## Dataset content
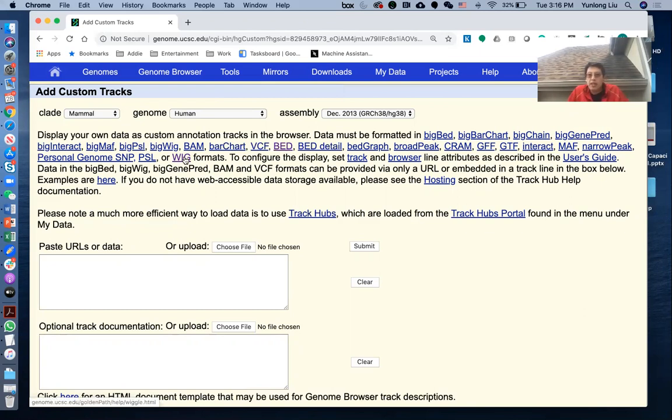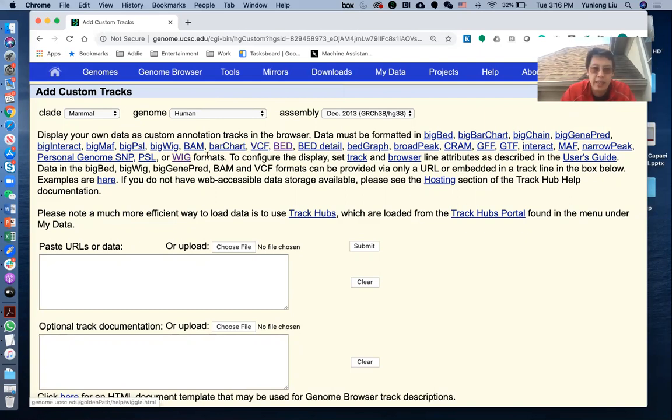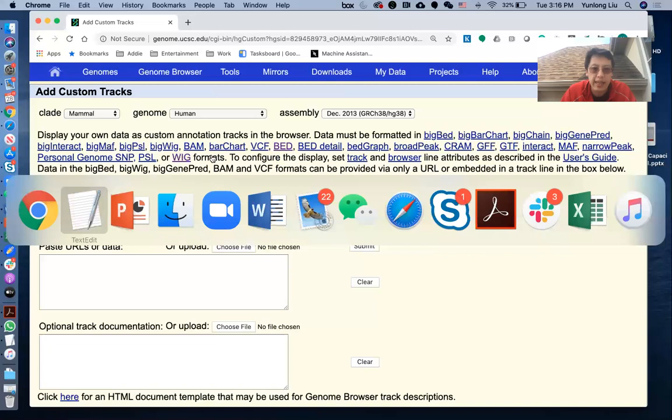So as I mentioned in the previous lecture, there are two ways to load your data into UCSC genome browser. The first one is you just directly send your data to the UCSC genome browser, and then you will be able to visualize your data. So let's see some examples of that.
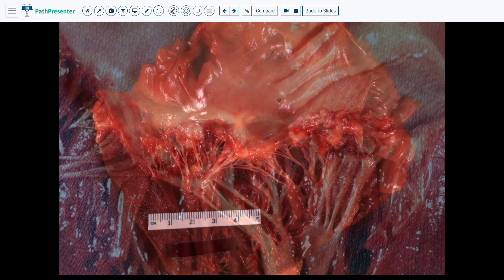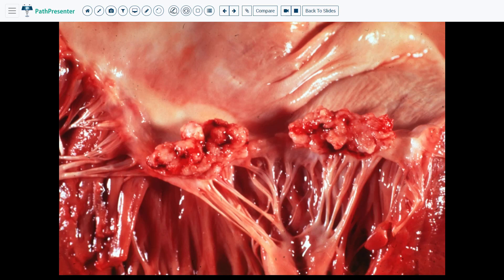Case 4 is bacterial endocarditis. The wall of the left atrium is up here — I can tell because it is quite smooth. Here is the mitral valve and the chordae tendineae. The pathology is these very large vegetations on the mitral valve leaflets. These vegetations are friable, meaning they fall apart when touched. These large vegetations can fragment, enter the systemic circulation, and cause infarctions in systemic organs such as the brain where they can cause cerebral infarction.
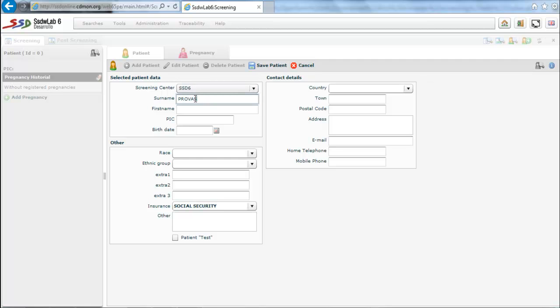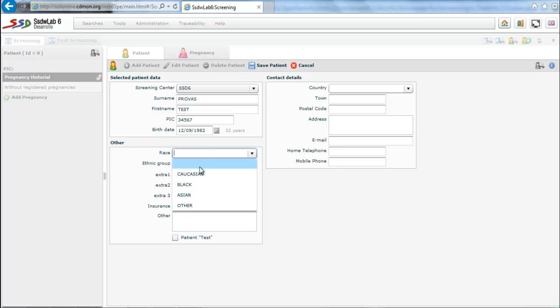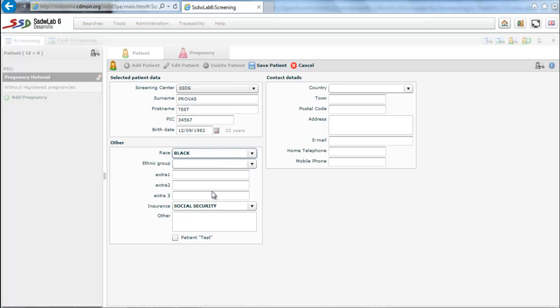In the patients folder we must enter the data identifying the patient: surname or name, CIP, and date of birth that will let us calculate the age of the patient in the section called Others. We introduce the race of the patient, which is a correction factor, and in this case the patient is black. In fact, we mark the patient as a patient test.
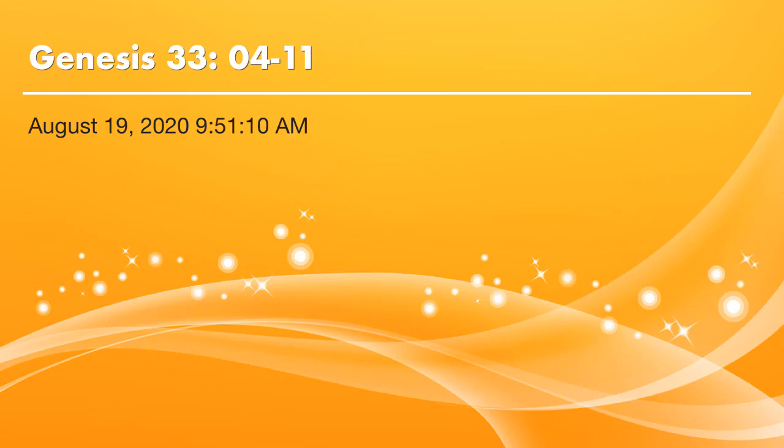Peace, brothers and sisters. This is Huaqi. Thank God it is time again for our Bible reading. Let's continue to read Genesis chapter 33. Today we will start from verse 4.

## Problem statement
Print the listing exactly, minus its pictures.

## Answer for this exercise
So as I mentioned in the previous lecture, there are two ways to load your data into UCSC genome browser. The first one is you just directly send your data to the UCSC genome browser, and then you will be able to visualize your data. So let's see some examples of that.
Case 4 is bacterial endocarditis. The wall of the left atrium is up here — I can tell because it is quite smooth. Here is the mitral valve and the chordae tendineae. The pathology is these very large vegetations on the mitral valve leaflets. These vegetations are friable, meaning they fall apart when touched. These large vegetations can fragment, enter the systemic circulation, and cause infarctions in systemic organs such as the brain where they can cause cerebral infarction.
In the patients folder we must enter the data identifying the patient: surname or name, CIP, and date of birth that will let us calculate the age of the patient in the section called Others. We introduce the race of the patient, which is a correction factor, and in this case the patient is black. In fact, we mark the patient as a patient test.
Peace, brothers and sisters. This is Huaqi. Thank God it is time again for our Bible reading. Let's continue to read Genesis chapter 33. Today we will start from verse 4.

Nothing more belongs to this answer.